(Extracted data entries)
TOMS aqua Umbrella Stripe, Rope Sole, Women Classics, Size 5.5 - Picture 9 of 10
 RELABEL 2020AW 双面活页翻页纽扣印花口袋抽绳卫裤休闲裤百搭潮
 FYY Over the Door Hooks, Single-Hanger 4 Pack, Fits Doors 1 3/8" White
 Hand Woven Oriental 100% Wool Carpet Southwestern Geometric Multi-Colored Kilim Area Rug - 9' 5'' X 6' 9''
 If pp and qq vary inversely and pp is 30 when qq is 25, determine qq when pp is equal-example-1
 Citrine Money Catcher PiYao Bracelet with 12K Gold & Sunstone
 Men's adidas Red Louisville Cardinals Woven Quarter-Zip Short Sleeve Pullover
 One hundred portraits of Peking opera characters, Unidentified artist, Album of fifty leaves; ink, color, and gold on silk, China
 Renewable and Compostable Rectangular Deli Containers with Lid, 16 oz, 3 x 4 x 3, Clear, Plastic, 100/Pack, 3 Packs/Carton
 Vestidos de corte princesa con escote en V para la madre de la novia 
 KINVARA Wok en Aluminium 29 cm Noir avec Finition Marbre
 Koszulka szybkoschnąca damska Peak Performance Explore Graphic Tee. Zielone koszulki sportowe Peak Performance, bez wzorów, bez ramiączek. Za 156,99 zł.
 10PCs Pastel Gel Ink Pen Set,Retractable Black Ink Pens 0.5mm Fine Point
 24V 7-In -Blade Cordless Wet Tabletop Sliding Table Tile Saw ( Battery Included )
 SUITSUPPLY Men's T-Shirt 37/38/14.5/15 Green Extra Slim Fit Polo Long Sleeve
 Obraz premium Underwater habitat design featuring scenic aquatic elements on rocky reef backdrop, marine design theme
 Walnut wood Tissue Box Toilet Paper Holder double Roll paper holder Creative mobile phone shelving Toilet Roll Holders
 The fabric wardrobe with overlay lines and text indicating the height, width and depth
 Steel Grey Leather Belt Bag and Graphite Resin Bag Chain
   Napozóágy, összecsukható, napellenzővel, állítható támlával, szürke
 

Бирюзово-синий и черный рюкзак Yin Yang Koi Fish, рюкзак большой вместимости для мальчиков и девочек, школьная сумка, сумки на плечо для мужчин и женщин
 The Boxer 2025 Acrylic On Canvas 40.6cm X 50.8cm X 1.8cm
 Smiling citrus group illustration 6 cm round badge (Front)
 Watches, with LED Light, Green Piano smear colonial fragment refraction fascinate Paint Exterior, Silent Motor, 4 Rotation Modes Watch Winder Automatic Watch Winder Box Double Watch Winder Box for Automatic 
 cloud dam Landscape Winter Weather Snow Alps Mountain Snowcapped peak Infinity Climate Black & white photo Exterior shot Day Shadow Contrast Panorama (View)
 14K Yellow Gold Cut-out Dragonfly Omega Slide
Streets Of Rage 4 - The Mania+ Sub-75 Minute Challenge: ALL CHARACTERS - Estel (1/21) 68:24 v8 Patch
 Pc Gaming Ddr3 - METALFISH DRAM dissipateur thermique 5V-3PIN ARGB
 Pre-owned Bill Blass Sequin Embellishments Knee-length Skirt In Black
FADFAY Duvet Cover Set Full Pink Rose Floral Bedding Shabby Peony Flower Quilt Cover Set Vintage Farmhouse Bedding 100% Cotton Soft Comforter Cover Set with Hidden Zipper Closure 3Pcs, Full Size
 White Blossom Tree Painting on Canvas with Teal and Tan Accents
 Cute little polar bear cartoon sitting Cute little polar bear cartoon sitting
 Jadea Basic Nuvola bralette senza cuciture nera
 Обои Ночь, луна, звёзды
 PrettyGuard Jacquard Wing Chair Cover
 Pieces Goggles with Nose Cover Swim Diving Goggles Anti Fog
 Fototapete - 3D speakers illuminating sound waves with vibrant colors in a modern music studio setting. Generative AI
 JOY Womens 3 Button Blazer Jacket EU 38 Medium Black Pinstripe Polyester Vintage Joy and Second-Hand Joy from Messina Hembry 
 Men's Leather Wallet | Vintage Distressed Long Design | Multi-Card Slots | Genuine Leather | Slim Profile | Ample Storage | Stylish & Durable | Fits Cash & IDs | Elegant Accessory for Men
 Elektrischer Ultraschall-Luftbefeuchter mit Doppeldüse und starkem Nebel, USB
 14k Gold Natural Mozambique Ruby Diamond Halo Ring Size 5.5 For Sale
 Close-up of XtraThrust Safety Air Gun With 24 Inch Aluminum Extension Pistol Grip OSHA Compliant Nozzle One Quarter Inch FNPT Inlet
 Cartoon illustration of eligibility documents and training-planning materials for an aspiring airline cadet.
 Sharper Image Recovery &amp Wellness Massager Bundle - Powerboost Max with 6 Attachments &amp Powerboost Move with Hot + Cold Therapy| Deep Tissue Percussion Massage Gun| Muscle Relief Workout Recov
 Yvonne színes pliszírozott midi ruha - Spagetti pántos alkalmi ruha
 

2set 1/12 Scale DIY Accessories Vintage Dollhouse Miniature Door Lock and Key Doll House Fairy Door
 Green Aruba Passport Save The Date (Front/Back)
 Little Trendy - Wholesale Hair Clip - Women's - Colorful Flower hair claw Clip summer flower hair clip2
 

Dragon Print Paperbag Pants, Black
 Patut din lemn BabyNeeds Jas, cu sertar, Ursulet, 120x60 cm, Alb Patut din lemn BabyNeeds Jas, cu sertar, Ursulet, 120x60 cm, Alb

__Task description__
Using the entries above, give back exactly the line containing "Renewable and Compostable", the line containing "24V 7-In -Blade", and every line between them, and nothing else.

__Answer for this exercise__
 Renewable and Compostable Rectangular Deli Containers with Lid, 16 oz, 3 x 4 x 3, Clear, Plastic, 100/Pack, 3 Packs/Carton
 Vestidos de corte princesa con escote en V para la madre de la novia 
 KINVARA Wok en Aluminium 29 cm Noir avec Finition Marbre
 Koszulka szybkoschnąca damska Peak Performance Explore Graphic Tee. Zielone koszulki sportowe Peak Performance, bez wzorów, bez ramiączek. Za 156,99 zł.
 10PCs Pastel Gel Ink Pen Set,Retractable Black Ink Pens 0.5mm Fine Point
 24V 7-In -Blade Cordless Wet Tabletop Sliding Table Tile Saw ( Battery Included )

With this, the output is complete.